On May 23rd, 1907, a crowd of nearly 10,000 gathered to celebrate the first of what has become a tradition in Atlanta and around the world. That afternoon on a plot of land across from an amusement park on Ponce De Leon Avenue, Atlantans came from a newly installed streetcar stop to enter for the first time the state-of-the-art monument to America’s pastime that would come to be known as “Old Poncey” – Ponce De Leon Ball Park, home of the Atlanta Crackers and Atlanta Black Crackers. A ballpark that was built by the brand-new owners of the baseball team, The Georgia Power Company.

You probably know that Georgia Power is the official energy partner of the Atlanta Braves, a team that’s holding the world’s attention these days for its record-setting offensive dominance in the 2023 regular season and hopeful run to another championship in 2024. Fewer people are aware, however, that Georgia Power has had a deep connection to baseball in Atlanta since long before the Braves’ arrival. In fact, we’ve been connecting communities in Georgia through America’s pastime almost from the very beginning.

In 1906, believing it would bring more riders to its streetcar service, Preston Arkwright and what was then known as the Georgia Railway and Electric Company purchased a majority stake in a fledgling Southern Association team known as the Atlanta Crackers – a shortening of its previous “Firecrackers” moniker – and immediately built a state-of-the-art stadium at the end of one of the streetcar lines near the amusement park at the Ponce De Leon Springs. The team responded enthusiastically to its new owner – promptly winning 78 games and delivering the first pennant in Atlanta baseball history. After the inaugural season, Arkwright overhauled the Crackers’ management team, hiring local football coach John Heisman to lead the charge. 

What we know now as Georgia Power would own the Atlanta Crackers and Ponce De Leon Park for only nine years, selling the team to a local city council member in 1915 for $37,000. Old Poncey would live on, however, hosting both the Crackers as well as the Atlanta Black Crackers of the Negro Leagues until the Crackers — by then a Triple-A affiliate of the Minnesota Twins — moved to Summerhill and the new Atlanta Fulton County Stadium in 1965 in advance of the Braves arrival from Milwaukee the next year. 

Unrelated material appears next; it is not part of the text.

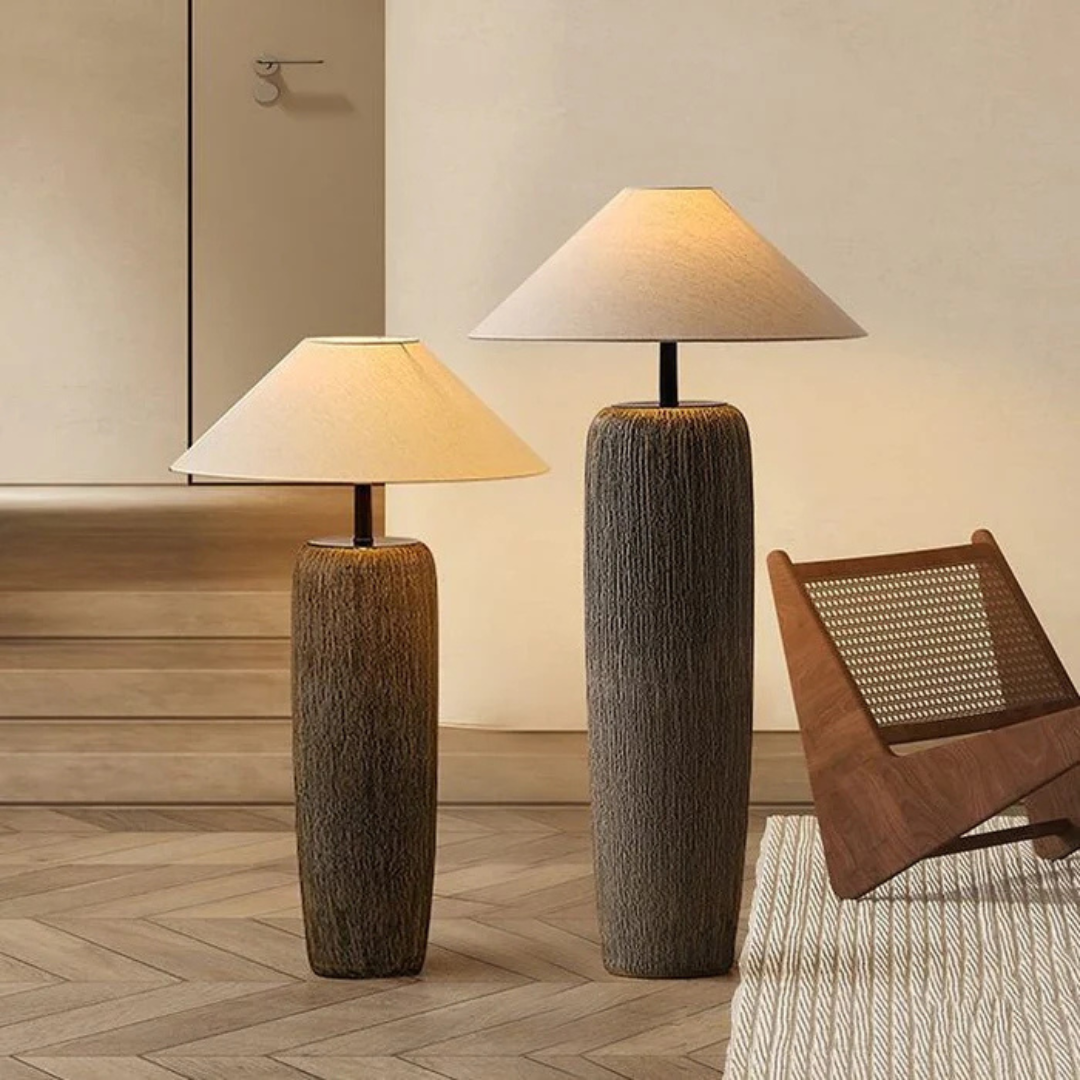 Postarzana lampa podłogowa | Drewniana lampa stojąca do wnętrz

Over more than five decades, Ponce De Leon Park would play host to 18 championships – more than every team in organized baseball in that time frame save the New York Yankees. It welcomed baseball luminaries like Eddie Matthews, Babe Ruth, and Jackie Robinson, whose appearance with the Brooklyn Dodgers for a three-game exhibition series marked the first integrated sporting event in Atlanta history.

Perhaps the most famous inhabitant of Old Poncey, however, may still be found standing guard where the outfield used to be. A large magnolia tree grew in center field – in play until 1947 when new Crackers owner Earl Mann moved the center field fence, shortening the field and relegating the tree to onlooker status. Both Eddie Matthews and Babe Ruth hit home runs into the tree, which can still be seen from the Atlanta Beltline near Ponce City Market.

Georgia Power’s baseball history didn’t end with Ponce De Leon Park. The Braves arrived in 1966, and Georgia Power has been their official energy partner ever since. We’ve been there for Hank Aaron’s record-setting 715th home run, the team’s dominance in the 1990s and 2000s, the first Atlanta World Series win in 1995, its 2021 championship run, and this season’s highly anticipated squad, from the beginning. 

This month the Braves begin the charge on to what will hopefully be their third championship in Atlanta, and Georgia Power will be there like we have been from the beginning. Helping to connect communities across Georgia with something to root for – a team to rally behind no matter your background.